Re: Hilfe mit CUPS ... immernoch ... gesucht

Vielelicht hilft das (mit freundlicher Genehmigung des Autors). Ist
schon älter, sollte aber immer noch passen...

Pfiffig Papier sparen

Cups-Backend-Programmierung am Beispiel platzsparender Ausdrucke

Kaum ein Druckdialog bietet das Drucken von zwei Seiten nebeneinander
auf einem Blatt. Ein etwa 15 Zeilen langes Shellscript hilft dabei,
diese Funktionalität direkt in Cups in Form eines virtuellen Druckers
nachzurüsten.

Die kleinen Druckhelferlein "mpage" oder "psnup" sind längst keine
Geheimtips mehr. Im Gegenteil, seit bald fünfzehn Jahren erhältlich,
sind sie bei vielen Anwendern zum ständigen Begleiter geworden, wenn
es darum geht, Foliensätze platzsparend auf wenige Seiten zu
reduzieren oder Broschüren für das Falten und Heften vorzubereiten.
Eine Integration in die Druckdialoge der großen Desktopumgebungen
sucht man jedoch vergebens. So bleibt nur der Aufruf auf der
Kommandozeile -- verständlich, daß bei vielen Ausdrucken deshalb
unnötigerweise auf die Reduzierung verzichtet wird.

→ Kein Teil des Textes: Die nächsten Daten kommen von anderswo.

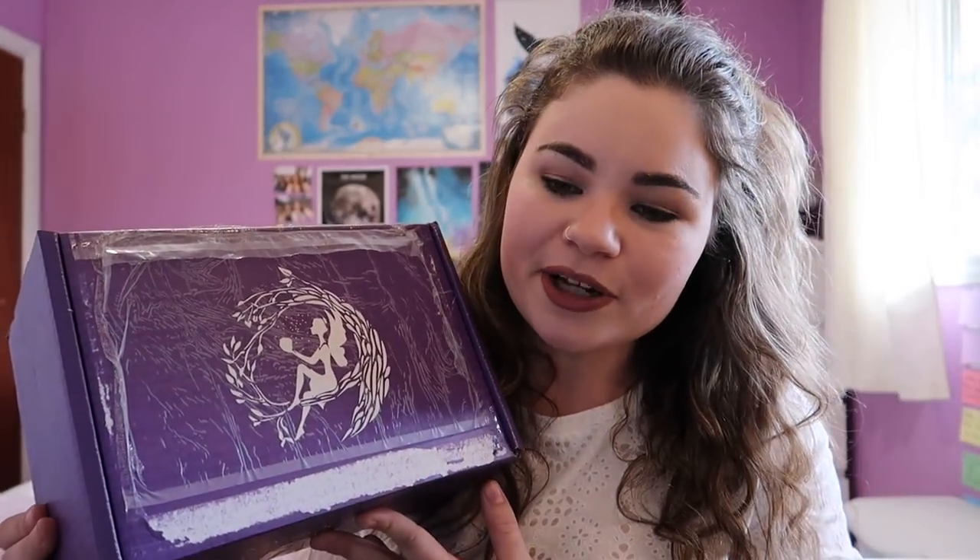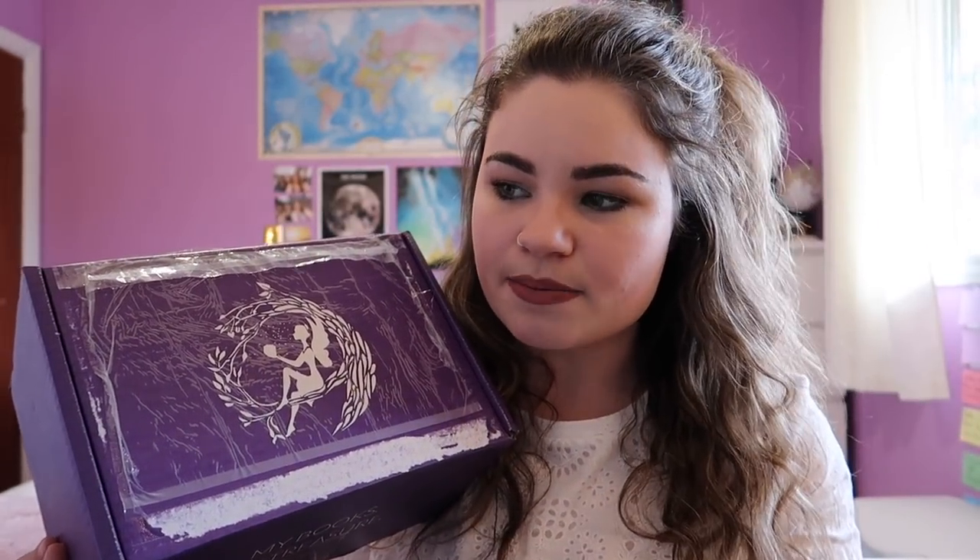If you guys aren't familiar with Fairyloot, they are a monthly subscription service that will send you a newly released YA fantasy or sci-fi book every month, as well as other bookish goodies that fit a theme. I couldn't guess the book this month and I'm pretty good at guessing the book, so let's dive in. I will link Fairyloot down below and you can also use my coupon code Haley to receive 5% off of a three or six month subscription.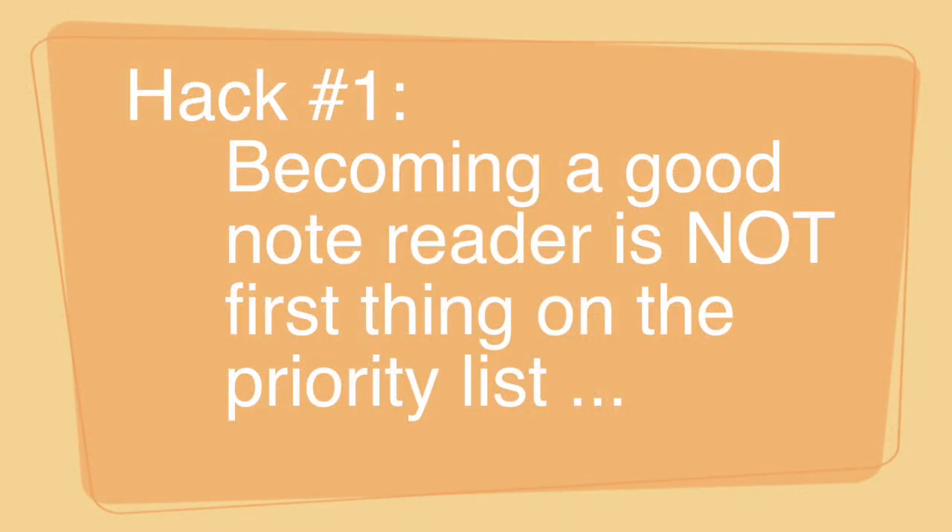The good news is, once I tell you about them, it's going to get you on a path to playing a lot faster. Hack number one: don't think that learning to read music is always step number one.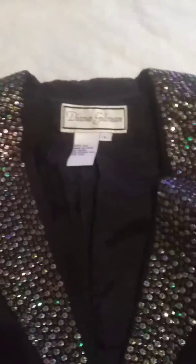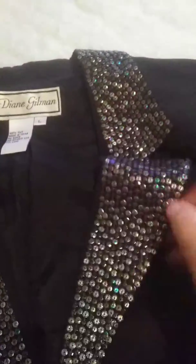It also comes with a lovely little glitter collar. The length of it is all the way down here — it's going to be 23 inches long. It comes with lovely little glitter pockets too.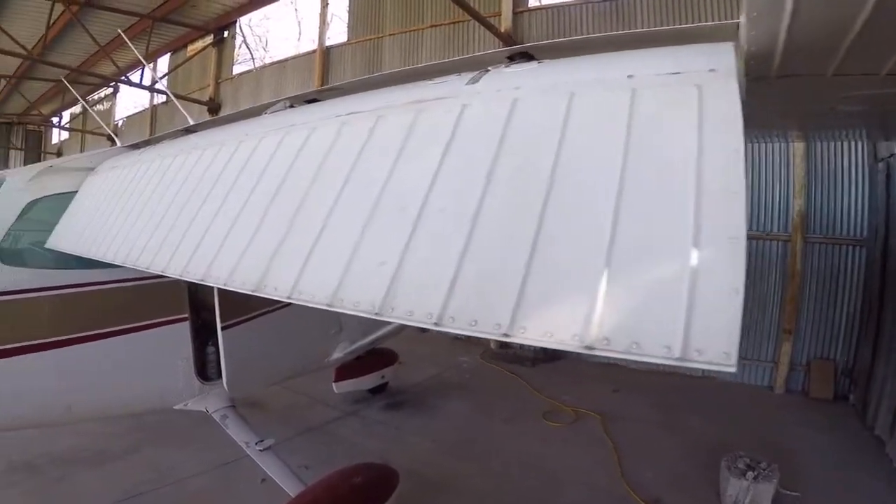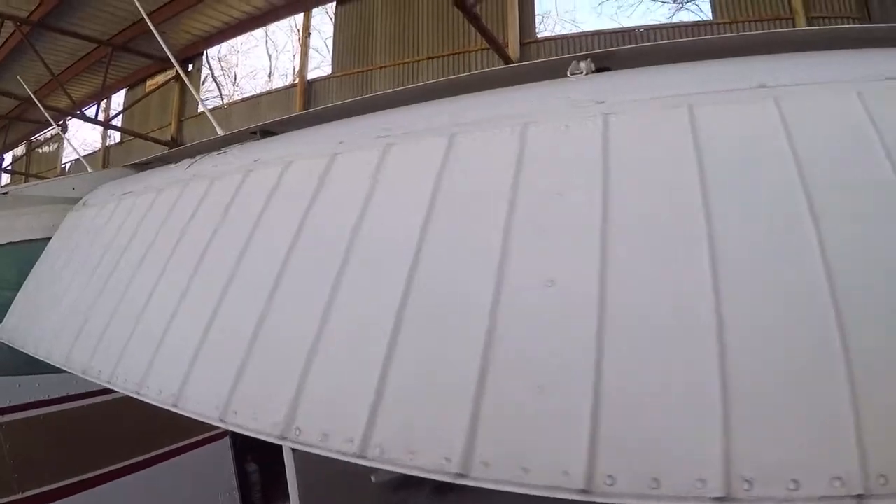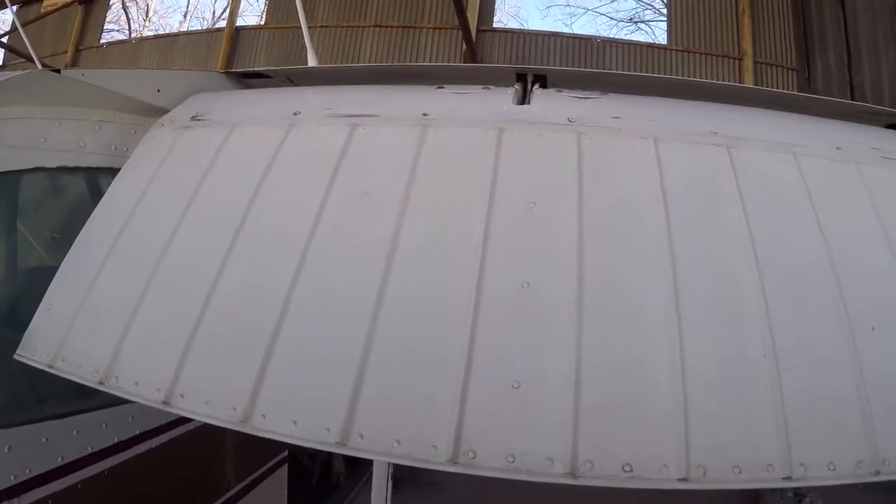All right, I want to show you why you always lower your flaps when you do a walk around. Here's a Cessna 172.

Der Autor verwendete deshalb bis vor einer Weile ein kleines Script,
das in Perl/Tk geschrieben war, welches die wichtigsten Parameter von
"mpage" mittels Checkboxen setzen lies. In einem größeren Netzwerk
mit vielen Clients ist soetwas natürlich ineffizient, da das Script
auf jedem Rechner im Netz installiert werden muß. Wir haben uns
deshalb überlegt, wie eine derartige Funktionalität direkt im
Drucksystem zu integrieren ist. Unter dem traditionellen Berkeley-LPD
verwendet man dafür in der Regel eine angepasstes Filterscript. Cups
stellt mit dem Backend-Mechanismus von vorneherein ein flexibles
Konzept bereit.

=== Was ist ein Backend?

Backends bei Cups sind kleine Programme, bei denen lediglich das
Aufrufschema vorgegeben ist. Wird kein Parameter übergeben, gibt das
Script die Kurzbezeichnung des Backends und den Typ aus. Werden fünf
oder sechs Parameter übergeben, rechnet das Script mit der Übergabe
von Job-ID, Nutzer, Titel, Zahl der Kopien, Optionen und entweder dem
Dateinamen des Druckjobs oder es erwartet den Druckjob an der
Standardeingabe. Desweiteren steht innerhalb des Backends die in Cups
eingerichtete Device-URI als Umgebungsvariable $DEVICE_URI zur
Verfügung.

Mit Kenntnis dieses Aufbaus lässt sich bereits ein kleines
Dummy-Backend programmieren, das nichts anderes tut als die
übergebenen Parameter in Textdateien zu schreiben:

#!/bin/sh
if [ $# -eq 0 ]
then
    echo "dummyback \"Unknown\" \"Network Device\""
    exit 0
else
    echo "$1" > /tmp/1job-id.txt
    echo "$2" > /tmp/2user.txt
    echo "$3" > /tmp/3title.txt
    echo "$4" > /tmp/4copies.txt
    echo "$5" > /tmp/5options.txt
    echo "$DEVICE_URI" > /tmp/device-uri.txt
    exit 0
fi

Speichern Sie dieses Script als "dummyback" im Backend-Verzeichnis
von Cups, das Sie je nach Distribution unter "/usr/lib/cups/backend",
"/usr/libexec/cups/backend" oder "/usr/local/libexec/cups/backend"
befindet. Damit das Script verfügbar ist, müssen Sie Cups neu
starten. Öffnen Sie anschließend das Konfigurationstool von Cups, der
Autor bevorzugt dafür das unter http://localhost:631/ erreichbare
Webfrontend und legen Sie einen neuen Drucker mit dem Dummy-Backend
an.

Wenn Sie nun auf diesen Dummy-Drucker drucken findet kein
tatsächlicher Ausdruck statt. Aus den im Verzeichnis /tmp neu
entstandenen Textdateien können Sie jedoch die übergebenen Parameter
herauslesen. Mit diesen Kenntnissen der Funktionsweise und
Übergabepraxis lässt sich das eigene Backend in Angriff nehmen.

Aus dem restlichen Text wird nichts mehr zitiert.